(Data items)
>>
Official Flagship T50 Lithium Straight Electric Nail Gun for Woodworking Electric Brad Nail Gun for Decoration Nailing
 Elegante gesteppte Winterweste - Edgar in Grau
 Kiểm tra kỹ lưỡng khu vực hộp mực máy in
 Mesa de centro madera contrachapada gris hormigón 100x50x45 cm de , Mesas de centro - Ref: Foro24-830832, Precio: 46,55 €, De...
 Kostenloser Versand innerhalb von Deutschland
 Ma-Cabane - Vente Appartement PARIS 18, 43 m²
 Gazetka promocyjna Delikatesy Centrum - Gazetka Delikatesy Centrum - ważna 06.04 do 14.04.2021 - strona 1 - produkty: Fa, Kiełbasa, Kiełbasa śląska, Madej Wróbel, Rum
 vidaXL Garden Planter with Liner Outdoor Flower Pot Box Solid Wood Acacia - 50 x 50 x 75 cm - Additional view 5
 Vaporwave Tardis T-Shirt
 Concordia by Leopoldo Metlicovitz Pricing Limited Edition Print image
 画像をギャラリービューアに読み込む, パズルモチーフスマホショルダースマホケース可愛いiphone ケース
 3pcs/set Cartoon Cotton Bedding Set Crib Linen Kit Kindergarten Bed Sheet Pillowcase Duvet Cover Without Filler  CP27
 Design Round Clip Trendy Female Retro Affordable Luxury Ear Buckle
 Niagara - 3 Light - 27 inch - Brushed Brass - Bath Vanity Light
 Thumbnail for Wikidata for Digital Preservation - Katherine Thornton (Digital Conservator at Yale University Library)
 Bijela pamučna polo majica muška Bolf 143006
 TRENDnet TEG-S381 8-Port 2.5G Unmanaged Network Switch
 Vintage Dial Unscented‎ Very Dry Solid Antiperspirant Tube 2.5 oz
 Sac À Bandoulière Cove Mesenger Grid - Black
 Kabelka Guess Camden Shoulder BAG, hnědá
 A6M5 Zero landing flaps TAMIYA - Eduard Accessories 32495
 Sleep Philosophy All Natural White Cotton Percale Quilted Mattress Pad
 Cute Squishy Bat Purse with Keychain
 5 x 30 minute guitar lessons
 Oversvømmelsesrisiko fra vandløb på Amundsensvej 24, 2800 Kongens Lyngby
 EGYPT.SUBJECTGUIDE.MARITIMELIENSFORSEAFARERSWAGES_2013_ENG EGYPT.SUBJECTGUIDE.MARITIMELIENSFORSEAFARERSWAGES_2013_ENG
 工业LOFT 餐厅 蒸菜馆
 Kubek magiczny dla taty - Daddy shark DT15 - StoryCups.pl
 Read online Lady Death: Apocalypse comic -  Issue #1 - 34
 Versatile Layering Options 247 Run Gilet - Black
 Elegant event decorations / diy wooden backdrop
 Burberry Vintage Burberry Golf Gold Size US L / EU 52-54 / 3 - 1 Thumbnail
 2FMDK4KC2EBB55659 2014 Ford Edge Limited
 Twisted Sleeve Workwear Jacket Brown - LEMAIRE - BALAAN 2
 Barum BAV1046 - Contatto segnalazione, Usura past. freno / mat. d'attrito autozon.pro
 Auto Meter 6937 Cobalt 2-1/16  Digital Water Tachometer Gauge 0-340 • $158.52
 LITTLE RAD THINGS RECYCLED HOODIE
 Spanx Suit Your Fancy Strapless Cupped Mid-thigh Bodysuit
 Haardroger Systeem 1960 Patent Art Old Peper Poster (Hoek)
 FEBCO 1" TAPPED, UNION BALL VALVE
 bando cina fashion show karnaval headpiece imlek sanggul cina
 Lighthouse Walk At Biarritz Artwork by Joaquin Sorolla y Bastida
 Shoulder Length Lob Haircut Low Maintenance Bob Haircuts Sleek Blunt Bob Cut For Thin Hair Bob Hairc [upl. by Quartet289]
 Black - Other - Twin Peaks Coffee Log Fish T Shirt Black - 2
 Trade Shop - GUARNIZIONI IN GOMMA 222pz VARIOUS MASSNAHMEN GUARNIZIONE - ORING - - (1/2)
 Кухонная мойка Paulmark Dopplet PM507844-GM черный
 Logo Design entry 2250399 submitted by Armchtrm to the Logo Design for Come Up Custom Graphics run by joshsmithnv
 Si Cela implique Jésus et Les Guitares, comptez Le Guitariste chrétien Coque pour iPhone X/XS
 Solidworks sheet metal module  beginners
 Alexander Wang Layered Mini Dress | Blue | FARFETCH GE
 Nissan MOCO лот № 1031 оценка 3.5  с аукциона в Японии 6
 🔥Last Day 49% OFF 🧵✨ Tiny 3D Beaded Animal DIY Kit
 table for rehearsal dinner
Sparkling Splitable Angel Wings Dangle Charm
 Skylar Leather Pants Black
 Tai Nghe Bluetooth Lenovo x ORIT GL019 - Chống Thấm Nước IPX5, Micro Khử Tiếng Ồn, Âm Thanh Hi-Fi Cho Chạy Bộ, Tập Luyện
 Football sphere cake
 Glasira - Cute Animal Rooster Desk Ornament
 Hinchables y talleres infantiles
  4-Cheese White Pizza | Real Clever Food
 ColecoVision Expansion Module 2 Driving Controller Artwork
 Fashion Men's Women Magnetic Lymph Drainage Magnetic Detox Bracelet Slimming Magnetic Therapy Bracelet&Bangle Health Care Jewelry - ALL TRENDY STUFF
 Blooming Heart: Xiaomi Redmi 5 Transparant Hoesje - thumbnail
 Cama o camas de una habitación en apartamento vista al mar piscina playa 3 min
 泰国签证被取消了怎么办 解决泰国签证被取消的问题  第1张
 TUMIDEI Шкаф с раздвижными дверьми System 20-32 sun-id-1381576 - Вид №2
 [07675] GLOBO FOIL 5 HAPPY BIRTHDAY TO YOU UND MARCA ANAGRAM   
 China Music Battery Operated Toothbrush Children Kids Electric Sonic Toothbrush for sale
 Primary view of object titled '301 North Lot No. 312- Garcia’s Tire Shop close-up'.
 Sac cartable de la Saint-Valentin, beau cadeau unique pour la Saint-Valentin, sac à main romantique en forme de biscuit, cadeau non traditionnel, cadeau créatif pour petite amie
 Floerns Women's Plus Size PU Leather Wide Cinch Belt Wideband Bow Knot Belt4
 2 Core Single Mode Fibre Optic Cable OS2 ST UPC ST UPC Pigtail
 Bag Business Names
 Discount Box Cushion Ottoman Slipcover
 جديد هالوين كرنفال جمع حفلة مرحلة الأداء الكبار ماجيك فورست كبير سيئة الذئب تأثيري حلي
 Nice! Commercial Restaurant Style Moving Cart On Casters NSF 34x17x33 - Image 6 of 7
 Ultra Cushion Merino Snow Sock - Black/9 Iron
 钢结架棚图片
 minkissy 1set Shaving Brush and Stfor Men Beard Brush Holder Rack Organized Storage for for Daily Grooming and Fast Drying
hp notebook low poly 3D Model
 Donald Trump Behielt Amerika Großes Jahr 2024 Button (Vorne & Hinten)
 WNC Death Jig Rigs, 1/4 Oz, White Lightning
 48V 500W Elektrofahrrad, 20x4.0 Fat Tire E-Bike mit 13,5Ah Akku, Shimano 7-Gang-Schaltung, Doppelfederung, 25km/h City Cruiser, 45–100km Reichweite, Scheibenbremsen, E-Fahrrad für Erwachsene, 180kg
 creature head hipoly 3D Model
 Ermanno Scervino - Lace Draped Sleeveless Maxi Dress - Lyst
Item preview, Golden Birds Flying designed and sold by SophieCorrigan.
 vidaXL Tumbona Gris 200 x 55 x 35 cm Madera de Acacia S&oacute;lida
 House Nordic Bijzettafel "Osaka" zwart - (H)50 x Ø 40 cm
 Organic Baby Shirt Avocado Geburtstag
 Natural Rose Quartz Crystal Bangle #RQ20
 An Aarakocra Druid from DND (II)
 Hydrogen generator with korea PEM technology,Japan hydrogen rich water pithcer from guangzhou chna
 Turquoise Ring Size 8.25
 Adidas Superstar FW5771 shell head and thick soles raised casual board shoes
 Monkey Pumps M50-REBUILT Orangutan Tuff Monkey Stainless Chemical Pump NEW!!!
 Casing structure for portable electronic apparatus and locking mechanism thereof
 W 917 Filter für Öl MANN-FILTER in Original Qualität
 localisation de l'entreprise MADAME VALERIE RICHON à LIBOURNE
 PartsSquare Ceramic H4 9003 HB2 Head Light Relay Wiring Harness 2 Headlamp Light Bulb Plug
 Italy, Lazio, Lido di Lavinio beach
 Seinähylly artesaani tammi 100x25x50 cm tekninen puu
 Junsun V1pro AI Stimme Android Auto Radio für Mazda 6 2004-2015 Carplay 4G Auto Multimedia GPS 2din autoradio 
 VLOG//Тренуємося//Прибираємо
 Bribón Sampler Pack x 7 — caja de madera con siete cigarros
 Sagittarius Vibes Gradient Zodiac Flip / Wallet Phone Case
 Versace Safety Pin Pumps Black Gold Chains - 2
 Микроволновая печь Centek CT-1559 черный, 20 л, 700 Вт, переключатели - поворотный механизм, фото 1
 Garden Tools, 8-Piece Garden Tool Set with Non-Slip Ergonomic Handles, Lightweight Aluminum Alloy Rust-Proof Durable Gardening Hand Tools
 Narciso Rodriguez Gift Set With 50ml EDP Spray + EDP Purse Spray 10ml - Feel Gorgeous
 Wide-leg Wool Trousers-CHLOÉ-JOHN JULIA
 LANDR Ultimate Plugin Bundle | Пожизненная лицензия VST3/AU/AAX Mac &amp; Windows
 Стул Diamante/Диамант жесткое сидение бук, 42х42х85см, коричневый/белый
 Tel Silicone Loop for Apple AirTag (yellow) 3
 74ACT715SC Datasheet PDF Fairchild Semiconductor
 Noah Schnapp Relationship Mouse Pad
<<
*INSTRUCTIONS TO FOLLOW*
Output exactly the span of lines beginning at the first line of the records and ending at the line that holds "Niagara - 3", inclusive, with no other text.

*THE ANSWER*
Official Flagship T50 Lithium Straight Electric Nail Gun for Woodworking Electric Brad Nail Gun for Decoration Nailing
 Elegante gesteppte Winterweste - Edgar in Grau
 Kiểm tra kỹ lưỡng khu vực hộp mực máy in
 Mesa de centro madera contrachapada gris hormigón 100x50x45 cm de , Mesas de centro - Ref: Foro24-830832, Precio: 46,55 €, De...
 Kostenloser Versand innerhalb von Deutschland
 Ma-Cabane - Vente Appartement PARIS 18, 43 m²
 Gazetka promocyjna Delikatesy Centrum - Gazetka Delikatesy Centrum - ważna 06.04 do 14.04.2021 - strona 1 - produkty: Fa, Kiełbasa, Kiełbasa śląska, Madej Wróbel, Rum
 vidaXL Garden Planter with Liner Outdoor Flower Pot Box Solid Wood Acacia - 50 x 50 x 75 cm - Additional view 5
 Vaporwave Tardis T-Shirt
 Concordia by Leopoldo Metlicovitz Pricing Limited Edition Print image
 画像をギャラリービューアに読み込む, パズルモチーフスマホショルダースマホケース可愛いiphone ケース
 3pcs/set Cartoon Cotton Bedding Set Crib Linen Kit Kindergarten Bed Sheet Pillowcase Duvet Cover Without Filler  CP27
 Design Round Clip Trendy Female Retro Affordable Luxury Ear Buckle
 Niagara - 3 Light - 27 inch - Brushed Brass - Bath Vanity Light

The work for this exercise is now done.